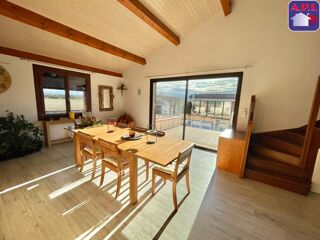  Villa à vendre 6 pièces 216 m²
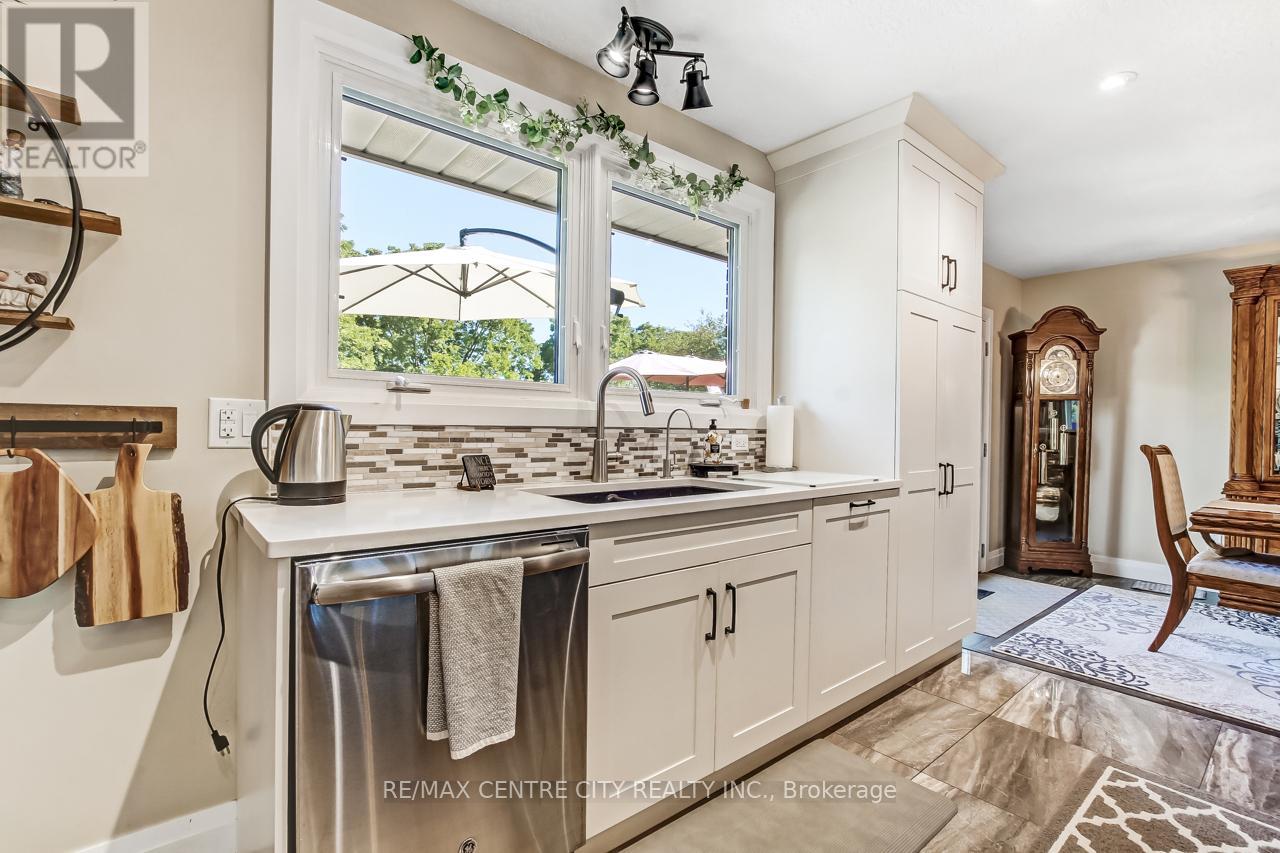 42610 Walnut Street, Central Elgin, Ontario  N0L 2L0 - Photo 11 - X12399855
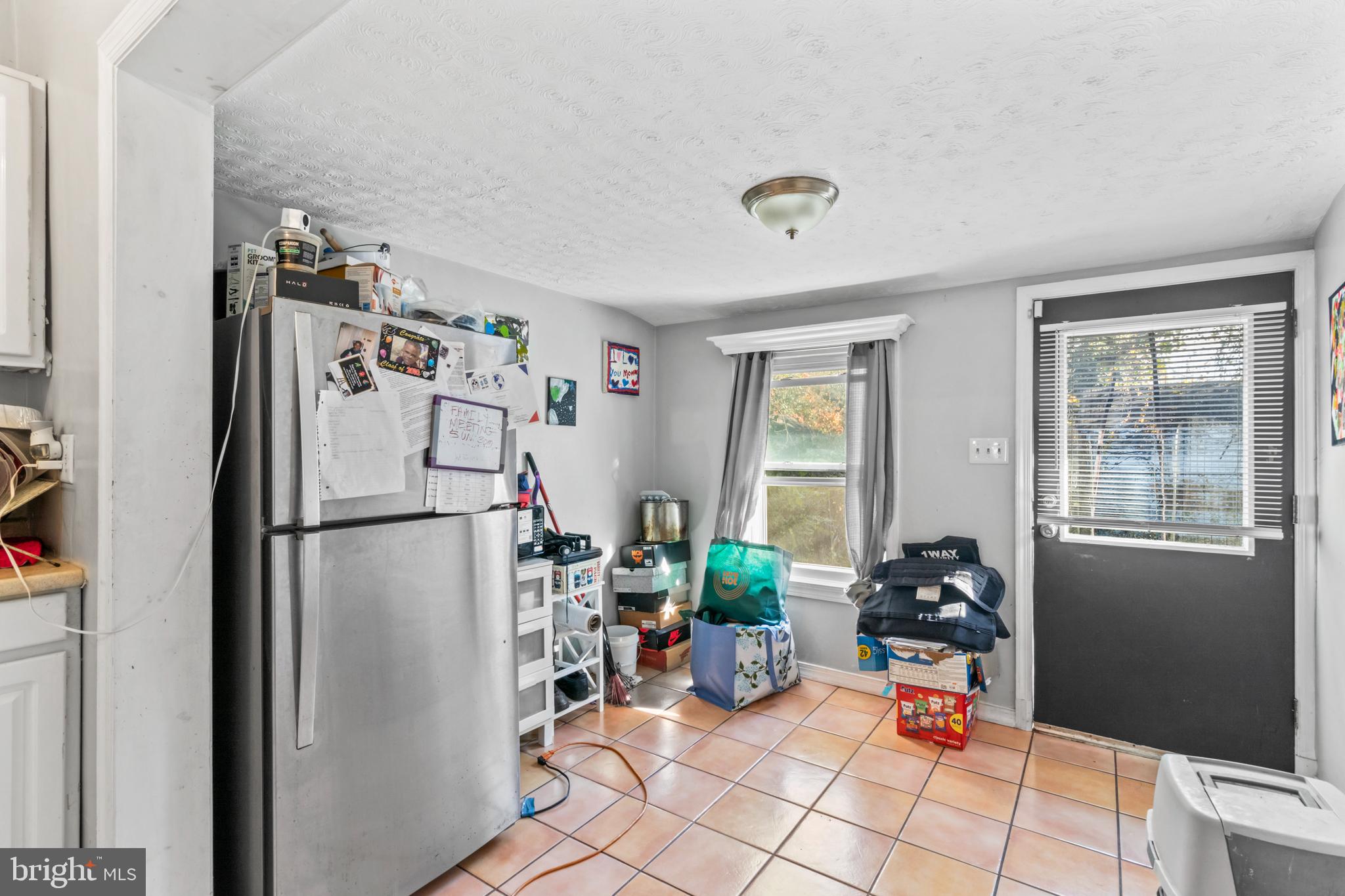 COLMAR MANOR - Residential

> **What the task requires**: Leaving every picture out, repeat each line of the material exactly.

> **Finished exercise**:
  Villa à vendre 6 pièces 216 m²
 42610 Walnut Street, Central Elgin, Ontario  N0L 2L0 - Photo 11 - X12399855
 COLMAR MANOR - Residential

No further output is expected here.